Problem 1: Analyzing partisan seat shares in US state legislatures
[100 points total.] In the last homework, we examined the dynamic relationship between
the number of seats held by Democrats in the US House of Representatives and
a set of political and economic variables testing the effect of election cycles, presidential
coattails, and judgment of the president’s economic performance on the size of the
Democratic majority. If we turn to American state legislatures, we can test similar
questions but with much more data.
1
We will restrict our scope in several ways to make the problem more manageable (a
more complete analysis might avoid these restrictions, but would require a more flexible
panel data model). First, we look only at legislatures elected in 1978 or later, up
through the 2016 elections. Second, we exclude South Carolina (for which some data
are missing), Nebraska (which has non-partisan legislative elections) as well as Alaska
and Hawaii. Third, we restrict our attention to the lower house of each state’s legislature
(typically known as the “House”). Fourth, we include only states that elect house
members to two-year terms, which excludes Alabama, Louisiana, Maryland, Mississippi,
and North Dakota. Finally, states vary in the year they hold gubernatorial elections,
but most hold them only in the sequence of years that runs 2010, 2014, 2018. . ..
We include only these states (note this means we also exclude New Hampshire and Vermont,
which hold gubernatorial elections in every even year). As a result, our scope
includes 28 states each observed for 20 lower house election cycles.
Because each state has a varying number of total house seats, in this analysis, we will
focus on the share of seats held by the Democrats. Following on our analysis in the last
homework, we consider three kinds of explanations for shifts in Democratic control.
Economic performance. When a state’s unemployment rate is higher than the long-term
national average on election day, it may hurt the electoral prospects legislators belonging
to the party in government – but for state legislative elections, which party is that?
The party of the governor or the party of the president?
Spillovers from votes for president, congress, or governor.
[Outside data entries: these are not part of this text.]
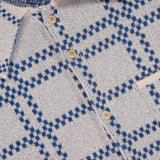 Close-up of the Nimbus Plaid Button Up Knit Overshirt by ELDER STATESMAN, featuring a beige knit design with blue plaid patterns, tan buttons, and a visible ELDER STATESMAN label.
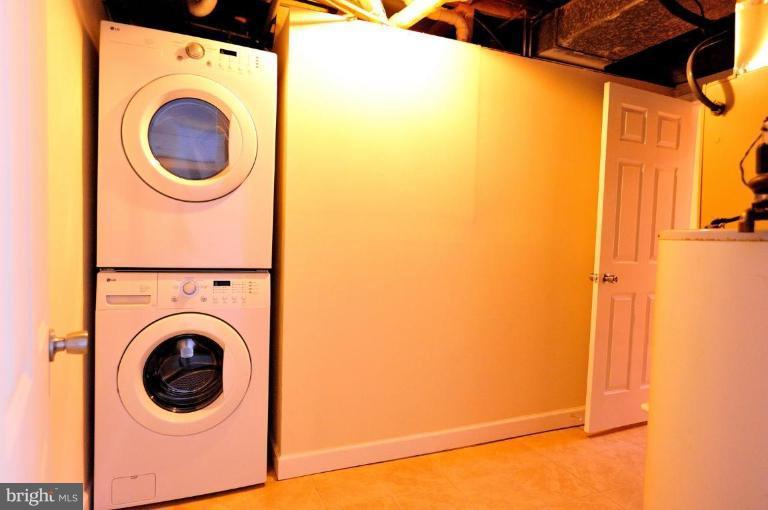 6806 Ben Franklin Road Springfield, VA 22150 - Photo 17 of 21 a utility room with dryer and washer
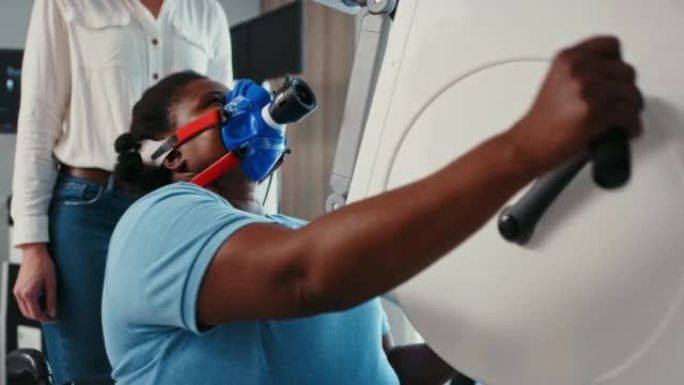 黑人妇女戴着呼吸面罩，在运动诊所或康复中心使用手踏板健身器。科学实验室用代谢分析仪测量性能和氧气水平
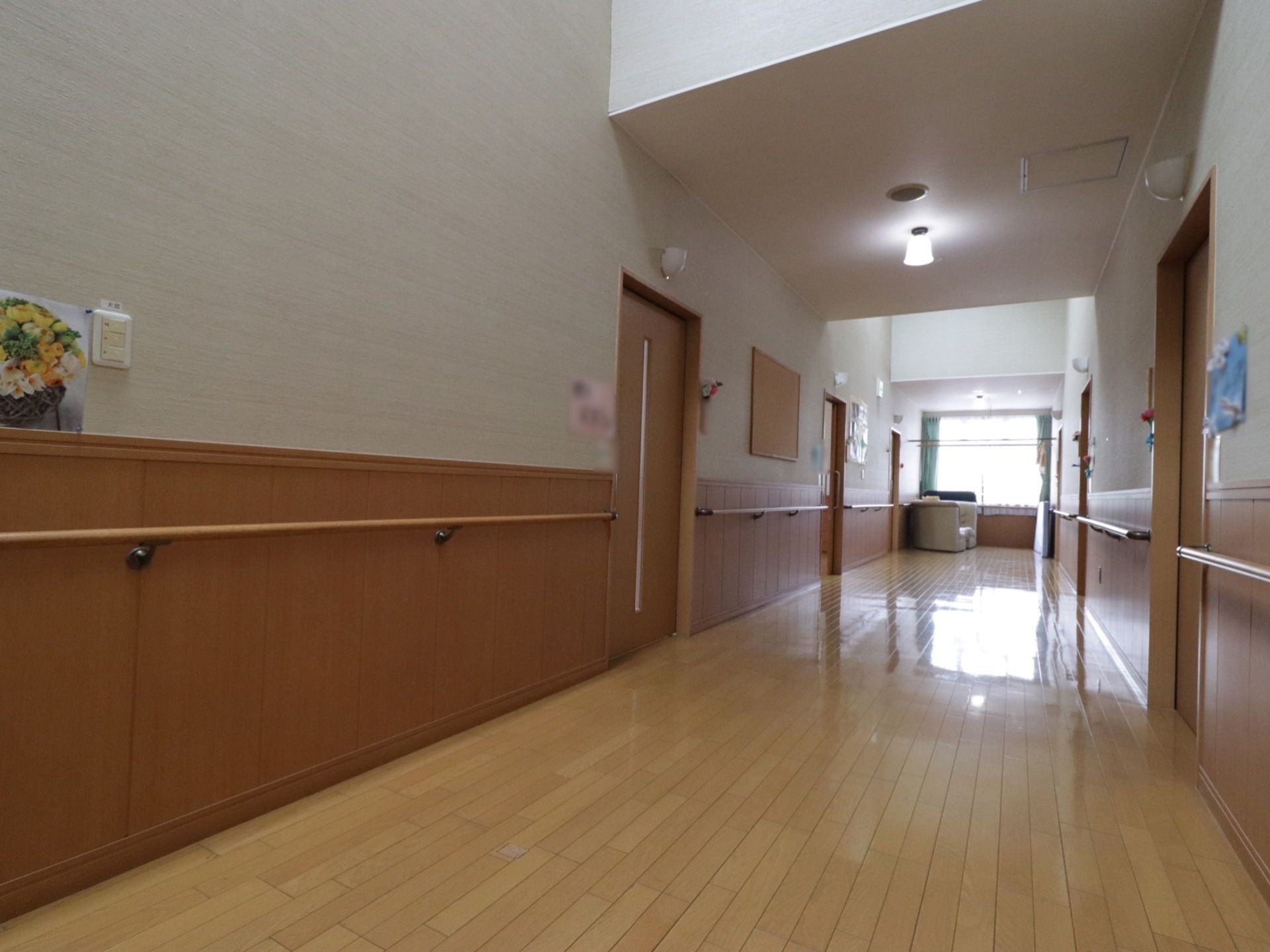 通路はナチュラルな色合いのフローリングとなっていて、ゆったり広々としている。フラットで十分な広さがあるので車椅子も楽に通れる。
Few voters pay close attention
to state legislative elections, so partisan swings in the state house may reflect spillovers
from votes on the presidential, congressional, or gubernatorial races. This could involve
presidential coattails – where a new party sweeps into the presidency and lower
offices at the same time. It could also take the form of “gubernatorial coattails” within
a state, whereby a new governor brings in a larger seat share for his party. Finally, just
as voters use congressional races to vote against the president during midterms, they
could use state house races in the same fashion.
Trends. American politics passed through a major re-alignment in the late twentieth
century as white voters in the South switched from solid support of the Democratic
Party to solid support of Republicans. This proceeded at different rates in different
states. Possibly in reaction to this and other socioeconomic trends, other regions may
be shifting in partisanship as well.
2
Variable Description
State Two letter state abbreviation
Statename Full state name
FIPS Unique numeric code for each state (non-consecutive)
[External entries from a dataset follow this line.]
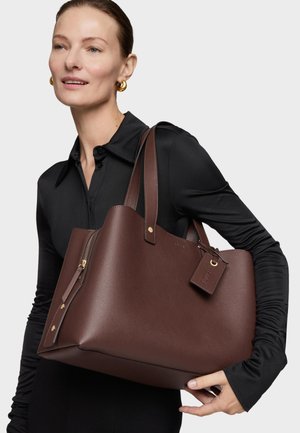 Mujer con una camiseta negra de manga larga que sostiene un gran bolso tote de cuero marrón con herrajes dorados y dos asas para el hombro.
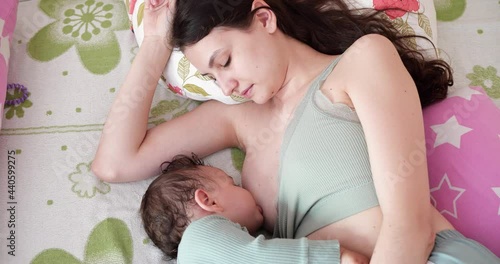 Mother breastfeeding her newborn baby on sofa. Milk from mother's breast is a natural medicine to baby. family, food, child, eating and parenthood concept photo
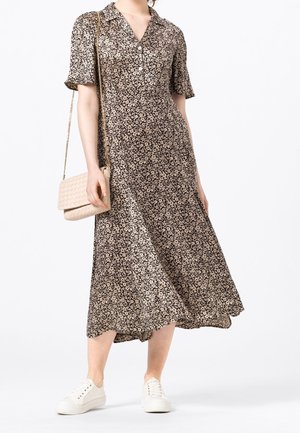 Femme portant une robe midi marron à fleurs avec manches courtes, des baskets blanches, et tenant un sac bandoulière beige avec une chaîne.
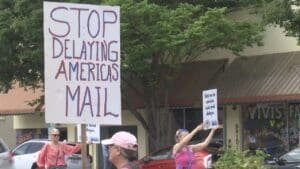 Local postal workers to rally for return of postmark machine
Year Start year of the legislative session; duplicated as trend
GovCycle 1 indicates states that last held gubernatorial elections in 2014,
2 indicates 2015, 3 indicates 2016, 4 indicates 2017
HouseTerm The length in years of elected house terms
DemHouseShare Proportion of lower house seats held by Democrats [0, 1]
PartisanMidterm 1 for legislatures elected in midterms in which the Democrats
held the presidency, −1 for legislatures elected in midterms in
which there was a Republican president, and 0 for legislatures
elected in other years
PresUnem equal to the difference between this state’s election-year unemployment
and the national 1978–2016 average (5.97%) for legislatures
elected when a Democrat was president, and to −1× this
quantity for legislatures elected under Republican presidents
GovUnem equal to the difference between this state’s election-year unemployment
and the national 1978–2016 average (5.97%) for legislatures
elected when a Democrat was governor, and to −1× this
quantity for legislatures elected under Republican governors
PresCoattails 1 if the presidency shifted to the Democrats when this legislature
was elected, −1 if the presidency shifted to the Republicans, and
0 if the party of the president was unchanged
GovCoattails 1 if the governorship shifted to the Democrats when this legislature
was elected, −1 if the governorship shifted to the
Republicans, and 0 if the party of the governor was unchanged
Midwest Region dummy for the Midwest, broadly defined
West Region dummy for the West, broadly defined
Northeast Region dummy for the Northeast, broadly defined
South Region dummy for the South, broadly defined
Table 1. Codebook for State House Seats data. Data are in statehouse.csv, and are
taken from the Bureau of Labor Statistics (unemployment), the Book of States (legislative shares)
and Wikipedia (governors and cycles), or constructed from these data by your instructor & TA.
3
Throughout the homework, we will consider two basic specifications. In the first
specification, called M1, we control for midterm effects, presidential and gubernatorial
unemployment effects, and presidential and gubernatorial coattails.1
In the second
specification, called M2, we control for all these variables and region specific trends.2
In the file statehouse.csv, you will find the variables described in Table 1. Examine
the data file and note well the behavior of these variables over time. Then work through
the following exercises. This is potentially a long assignment with several tricky steps, so start
now, work in groups, and email the class and instructors often for advice. It’s okay to share as much
code as you like in seeking help – we’re all working together on this one!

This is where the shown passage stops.